Short text fragments from websites:
· · · · · · ·

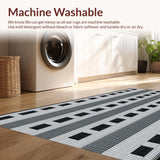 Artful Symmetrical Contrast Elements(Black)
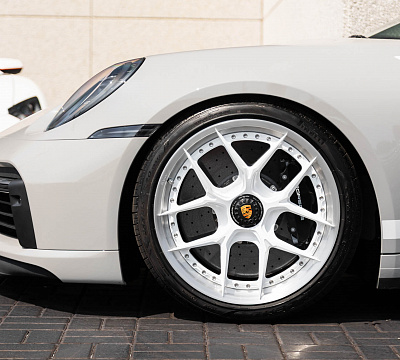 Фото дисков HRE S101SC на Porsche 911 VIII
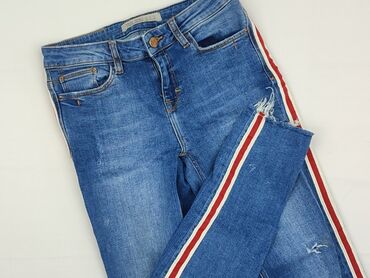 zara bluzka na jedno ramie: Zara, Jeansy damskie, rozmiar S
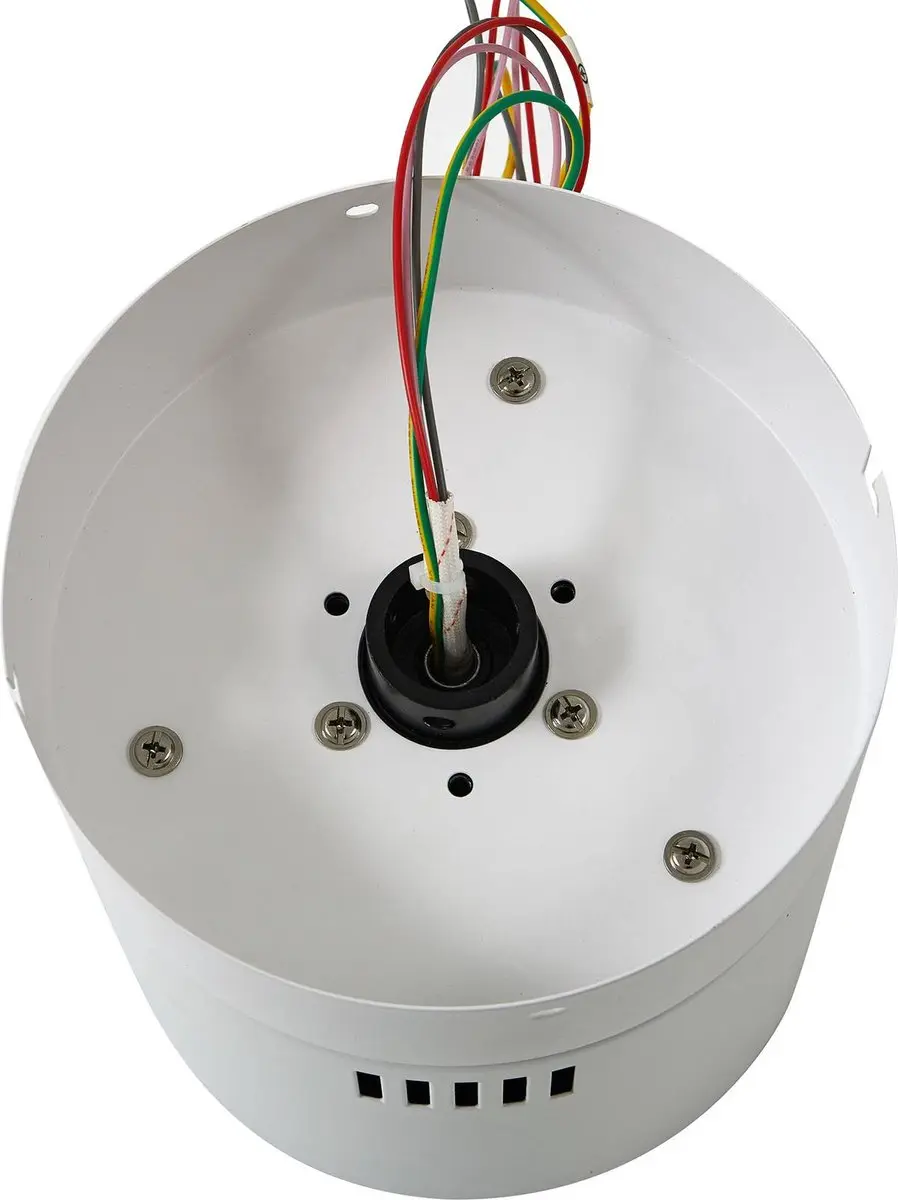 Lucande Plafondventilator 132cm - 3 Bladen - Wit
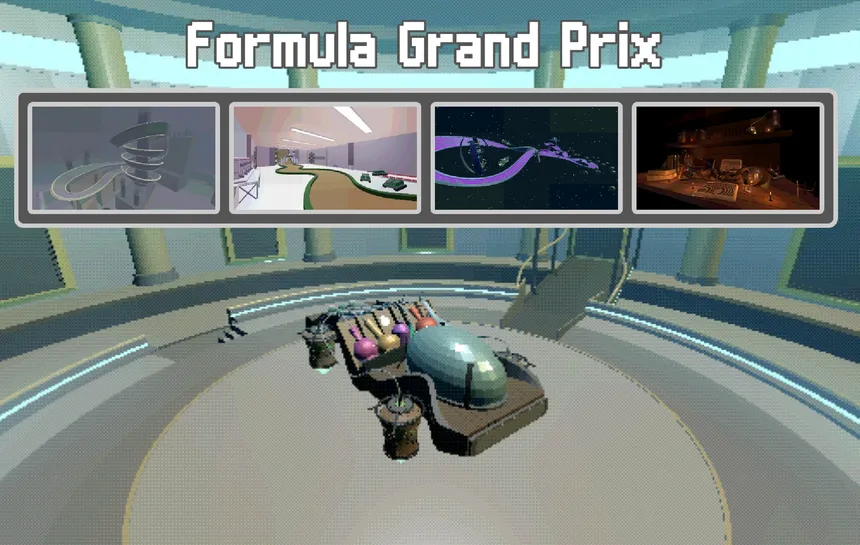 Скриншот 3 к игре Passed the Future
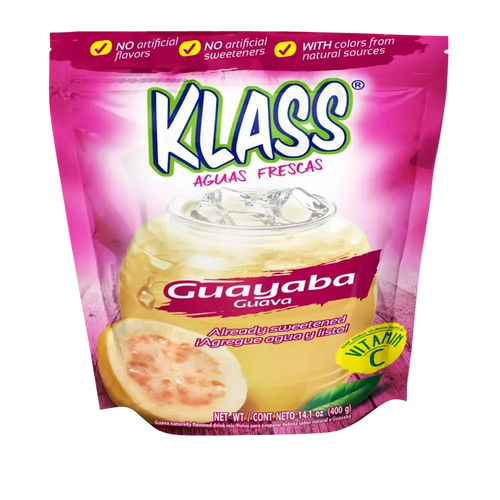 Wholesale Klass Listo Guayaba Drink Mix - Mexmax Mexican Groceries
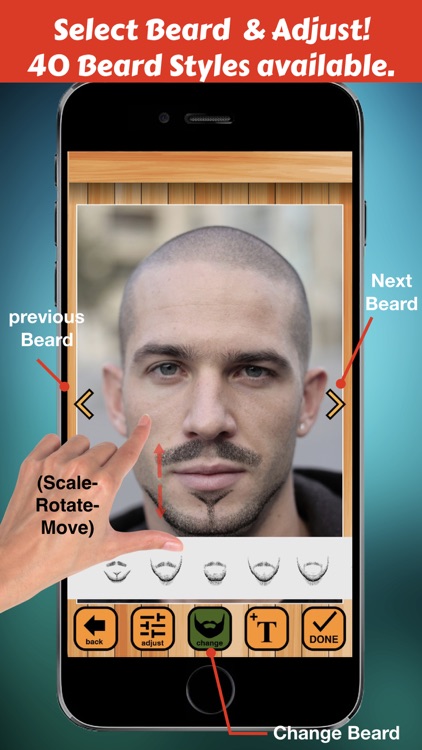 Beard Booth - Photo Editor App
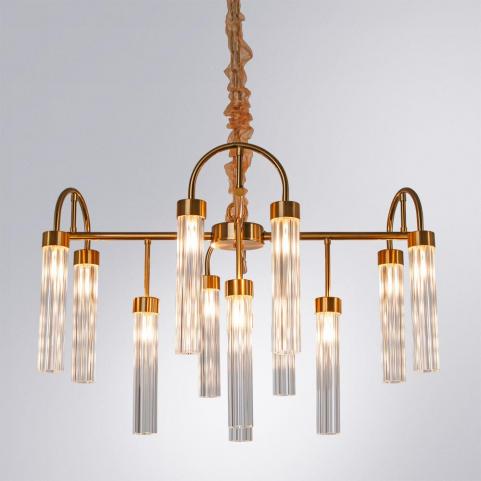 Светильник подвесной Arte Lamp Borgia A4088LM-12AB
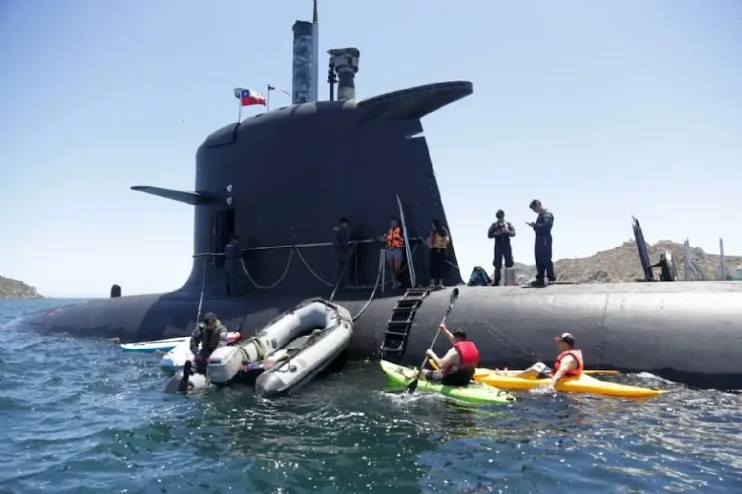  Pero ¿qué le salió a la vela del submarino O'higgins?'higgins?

· · · · · · ·

◆ Exercise requirements ◆
With the pictures removed, return the data above word for word.

◆ Result of the exercise ◆
 Artful Symmetrical Contrast Elements(Black)
 Фото дисков HRE S101SC на Porsche 911 VIII
 zara bluzka na jedno ramie: Zara, Jeansy damskie, rozmiar S
 Lucande Plafondventilator 132cm - 3 Bladen - Wit
 Скриншот 3 к игре Passed the Future
 Wholesale Klass Listo Guayaba Drink Mix - Mexmax Mexican Groceries
 Beard Booth - Photo Editor App
 Светильник подвесной Arte Lamp Borgia A4088LM-12AB
  Pero ¿qué le salió a la vela del submarino O'higgins?'higgins?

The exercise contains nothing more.